Thursday, October 20, 2011
Awards and awards...
So what's a parking lot got to do with this blog?
The LA Times carried a story yesterday about an awards ceremony for location managers who find locations for movies.
My first reaction was; more awards shows? And this time for location managers? The Academy awards are already losing the audience and no doubt part of it are the dozen or so awards that precede the Oscars.
You have the Foreign Critics awards, the SAG awards, the DGA awards, the Spirit Awards and least noticeable, the WGA awards. Toss in a few others and there's just too many award shows that by the time the Oscars roll by, you've been beaten into the ground by hundreds of acceptance speeches.
All of the Academy awards are creative, be that writing, directing, filming, sound, etc. You know the categories. Each of them features a person or persons who create something, be it words, sound, CGI, music, whatever. But the key word here is create.

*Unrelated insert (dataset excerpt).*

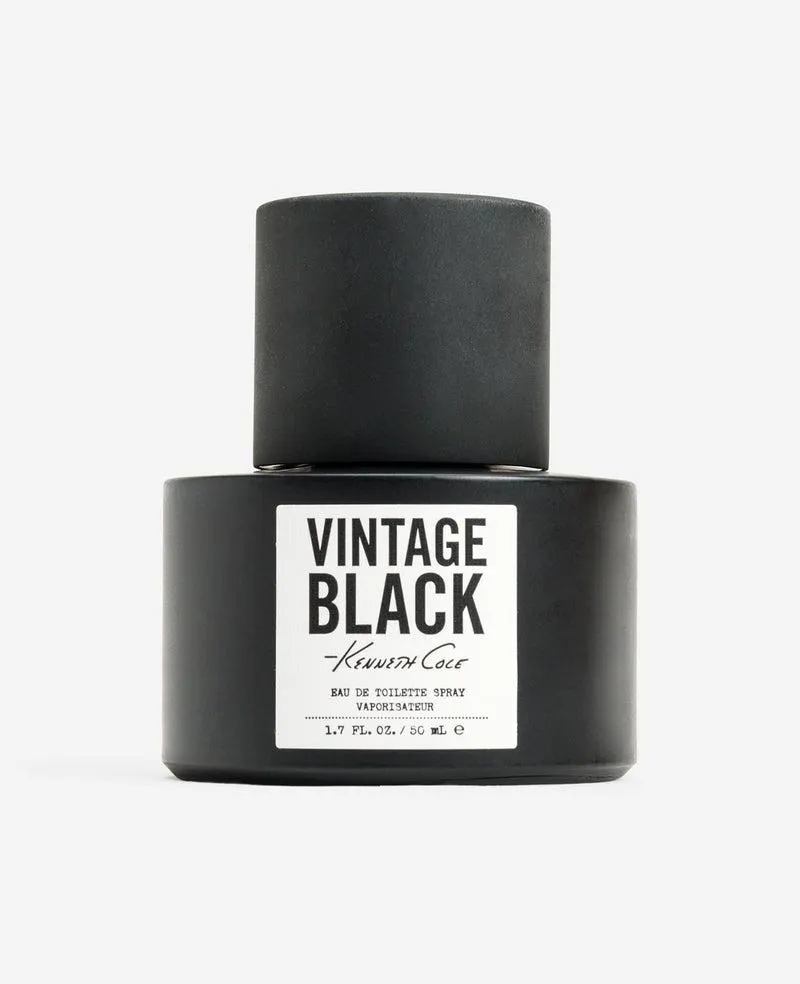 Vintage Black For Him Eau de Toilette, 1.7 oz -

Location managers find locations. You need a house that looks spooky, it's the location manager, you need a street blocked off, that's the location manager. They look for locations that both the screenplay and the director dictate.
Is the job creative? Well, the definition of creativity in Websters is this:
"To cause to come into being".
A writer creates a script, a director creates a movie, an actor creates a part. And so on.

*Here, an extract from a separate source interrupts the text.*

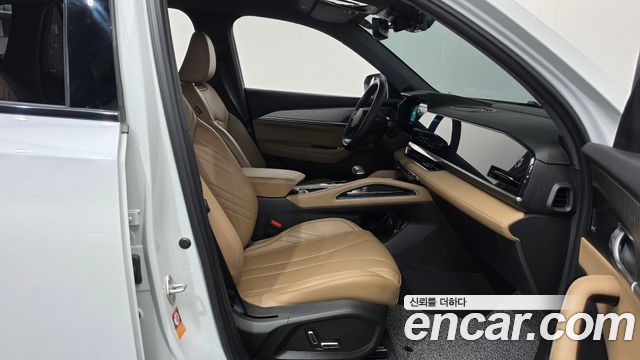 Renault Korea Grand Koleos 2025 — photo 11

So does finding a warehouse to film in a creative job? One can certainly argue that by finding a location the location manager is creative. But once the location is arranged a whole team of designers roll in and create whatever the location is supposed to be; a warehouse or a bad guy's laboratory or even Mars, as what the production designer did for a screenplay I rewrote called Escape from Mars.
You know what the most important thing is to a location manager? More important than even the location sometimes?
A friend of mine who does locations in Vancouver on big movies says he salivates everytime he passes an empty parking lot. Why? Because a location with no parking is no good. Not only do you have trucks and vans and big semi's, but you also have crew vehicles, people drive to the location and need parking.
How do I know this?
Because I was location manager on a feature a few years ago. I was helping out a friend who was producing a movie and I said I'd help out. After all, how hard is finding a location?
It wasn't long before I realized that not only did I have to find the right location, I had to find parking close enough that it wouldn't take away filming time by having to transport crew back and forth from a mile away.
Now you'd think parking lots are everywhere. But they're not and it took me a week to figure out the best places:
Schools and churches.
Churches are better because they're only used on week-ends and they can use the extra money. Schools are harder and more expensive because they belong to the city.
A parking lot at a church could go for $500 too $1000 if you plead with them, school parking is upwards of thousands of dollars because you need $2 million insurance policies. And if you want to film at a city school... well, get ready to shell out a lot of money.
I spent as much time looking for parking lots as I did for locations and you learn to deal with people as everyone out there thinks movies have tons of money to spend.
So, back to the awards.
The location manager's awards ceremony was helped by the location representatives for the city and state and even other states as a reward of sorts for the location managers finding locations for their movies. These government agencies depend on location managers finding locations in their district, city, state or country. So the awards are slightly biased in that each side needs the other.
And there are other film categories that want to be included in awards, especially the oscars. That's the casting agencies who cast actors for movies. Again it's a somewhat unclear category, a good actor comes to a casting agent who casts them but is it a creative thing? Ultimately the final choice is made by the director and producers.
I guess that these points can be argued back and forth but I'm reminded of something a friend of mine once said;
All you really need to make a movie are three things; a script, an actor and a camera.
Sure, you have a 10-person crew or a two hundred person crew, but the only ones really making the movie are the writer, the actor and the cameraman. Okay and maybe the director but even there, the director can also shoot the movie.
BTW the winner of the Location Manager awards was a woman who was about to lose a location because of safety reasons and she managed to get a crew to clean it up and pass the city ordinances so the movie could be filmed there.